Jak słusznie stwierdza Tadeusz Kowalik: „Gdyby dotrzymywano umów zawartych przy Okrągłym Stole oraz swoistej umowy zawartej z wyborcami, którym oferowano podobny zarys programu, to nowy ustrój społeczno – ekonomiczny kształtowany po 1989 r. musiałby wyglądać zupełnie inaczej. Plan Balcerowicza w znanej nam postaci nie miałby żadnych szans akceptacji”[1]).

            W tym samym czasie wykonano w Polsce szereg poważnych, niezależnych studiów strategicznych wytyczających pozytywną drogę odbudowy i rozwoju polskiej gospodarki. Zostały one jednak wszystkie zlekceważone i pominięte przez władze. Tak więc, niestety, w kraju nie mamy dotychczas społecznej gospodarki rynkowej, chociaż taki ustrój postanowiła polska konstytucja z 1997 r. (Każdy obywatel dostał jej egzemplarz od prezydenta Kwaśniewskiego). Jej wdrożenie stanowi nadal ważne i pilne zadanie ustrojowe.

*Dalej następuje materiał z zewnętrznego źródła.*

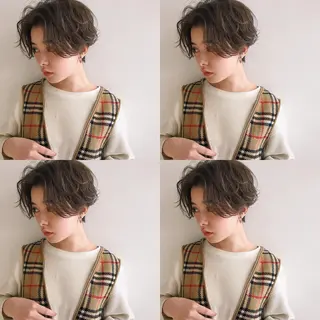 ショート カラー パーマ ヘアアレンジ 松田 亮葉のヘアスタイル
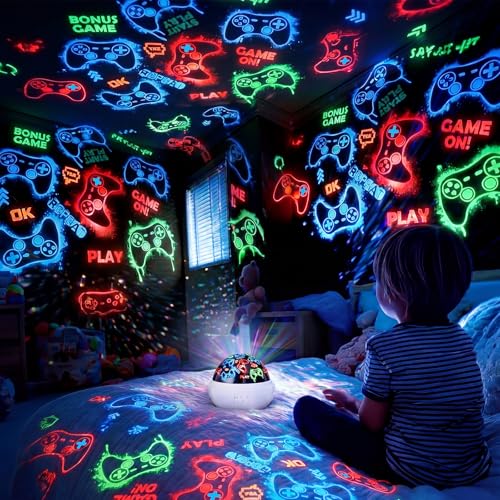 Lewtemi Gaming Room Decor Night Light for Boys 2 in 1 Game Controller Projector Lamp with 360° Rotating Ceiling Starry Sky Game Projection LED Nightlight for Kids Gaming Room, Two Ways to Charge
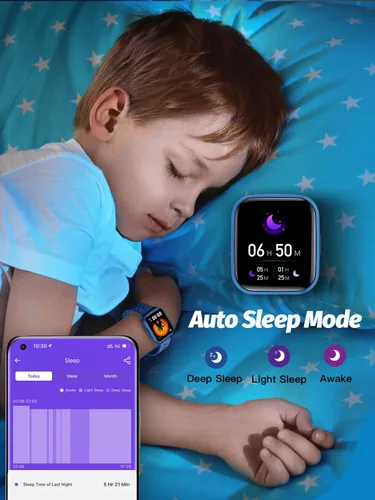 Vista 5 de Reloj Inteligente Butele para Niños, Reloj Inteligente para Niños de 4 a 16 Años con Modo de Sueño, 19 Modos Deportivos, Podómetro, Regalo de Azul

Konstytucyjnemu wymaganiu ustanowienia w Polsce społecznej gospodarki rynkowej sprzeciwia się ideologia neoliberalna i kolidują z nim interesy zagranicznych i ponadnarodowych korporacji gospodarczych. Znaczne przeszkody stwarzają ponadpaństwowe, neoliberalne normy i dyrektywy Unii Europejskiej oraz brak szerszej suwerenności państwowej. Przykład krajów skandynawskich i azjatyckich wskazuje jednak, że również w warunkach globalizacji i dalszych trudności można i należy w państwowym systemie organizacyjno – prawnym dążyć do realizacji społecznej gospodarki rynkowej.

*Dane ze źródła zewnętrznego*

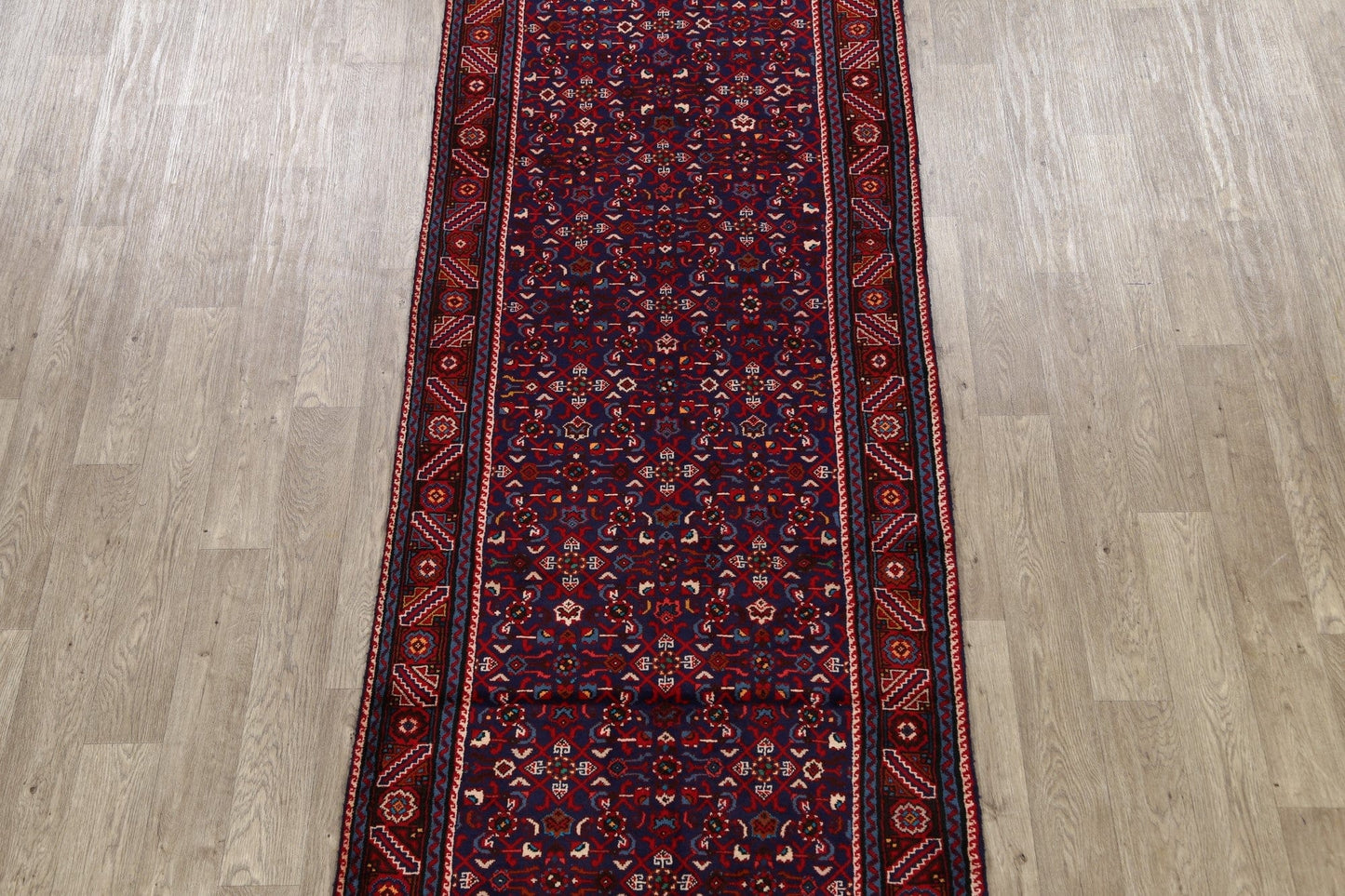 Geometric Mahal Persian Runner Rug 4x11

            Pierwszy ten problem podjął Mieczysław Nieduszyński (1986), a następnie Chrześcijańsko Demokratyczne Stronnictwo Pracy (1991), Tadeusz Przeciszewski i Sławomir Patrycki(1996, 2000), Tadeusz Kowalik (1999-2005), Piotr Pysza i Elżbieta Mączyńska, prezes Polskiego Towarzystwa Ekonomicznego [2]) oraz szereg innych. Problematyce społecznej gospodarki rynkowej i wprowadzeniu jej w Polsce zostało poświeconych szereg konferencji naukowych w latach 1993-2002 [3]). Trzecia droga budzi nadal duże zainteresowanie. W realizacji tego ustrojowego zadania trzeba jednak pokonać trudne warunki narastającego egoizmu politycznego i gospodarczego początku XXI wieku oraz zdezorientowanej opinii publicznej.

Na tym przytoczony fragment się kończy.